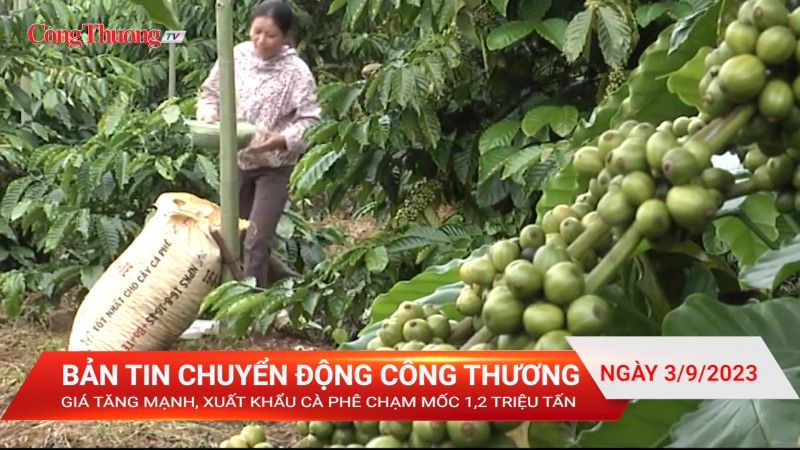 Tin XNK: Giá tăng mạnh, xuất khẩu cà phê chạm mốc 1,2 triệu tấn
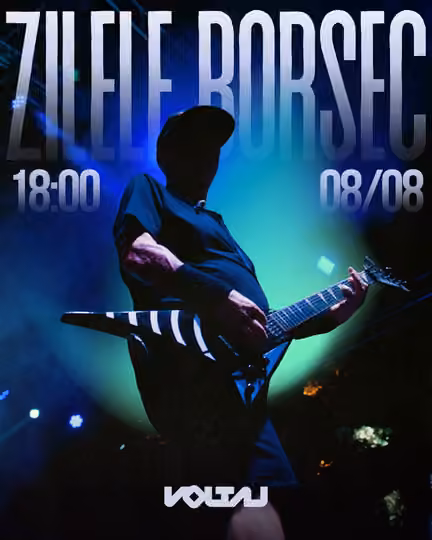 Voltaj concert poster — Zilele Borsec, 8 August · 18:00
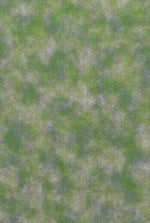 NEO-Grasslands 2 WarMat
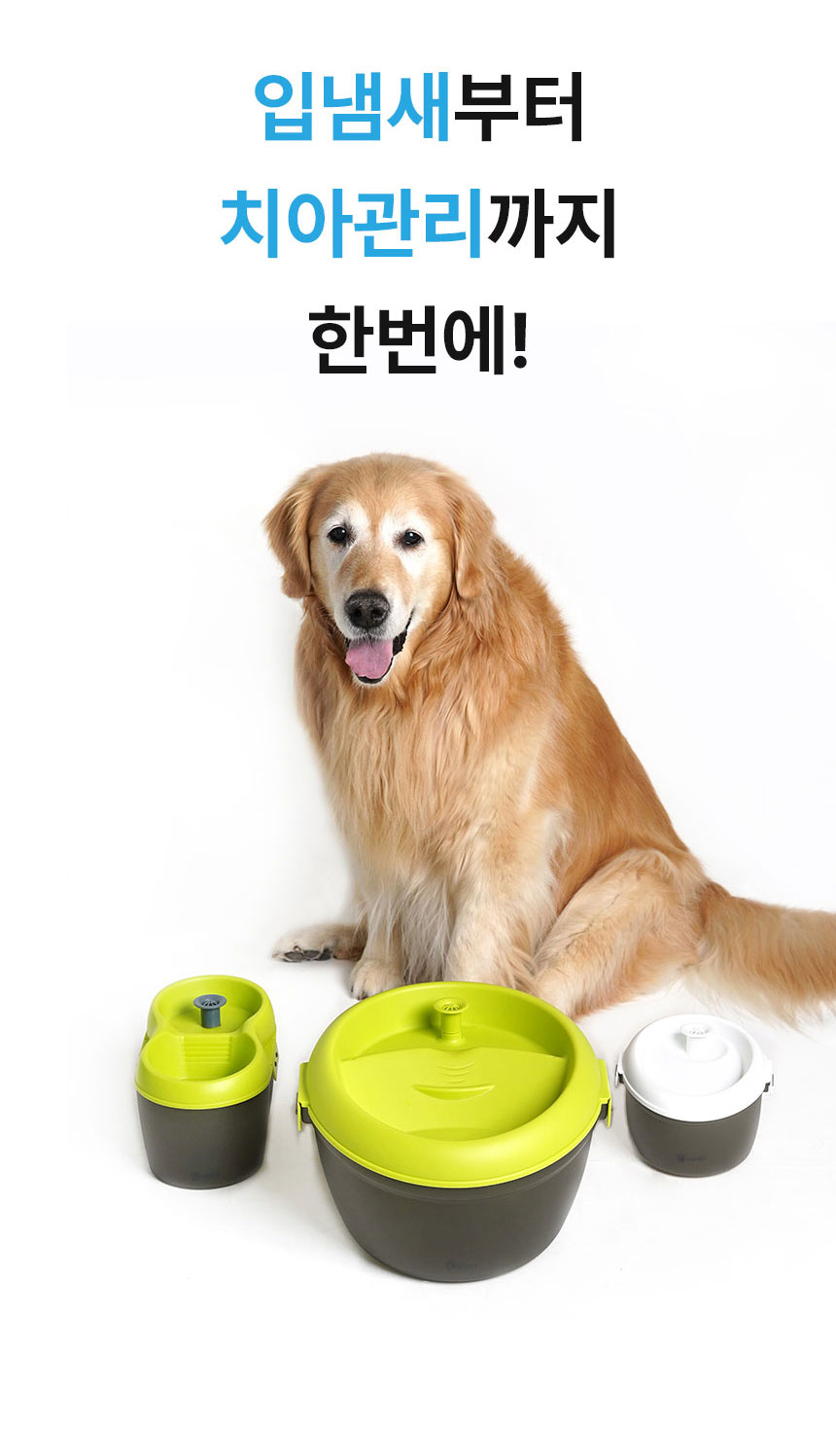 [무료배송] Dogh2o 강아지 고양이 구강케어 자동급수기 정수기 1.2리터 3번째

▶ [Exercise aim] All the lines above are to be reproduced exactly, except the pictures.

▶ [Solution to this exercise]
 Tin XNK: Giá tăng mạnh, xuất khẩu cà phê chạm mốc 1,2 triệu tấn
 Voltaj concert poster — Zilele Borsec, 8 August · 18:00
 NEO-Grasslands 2 WarMat
 [무료배송] Dogh2o 강아지 고양이 구강케어 자동급수기 정수기 1.2리터 3번째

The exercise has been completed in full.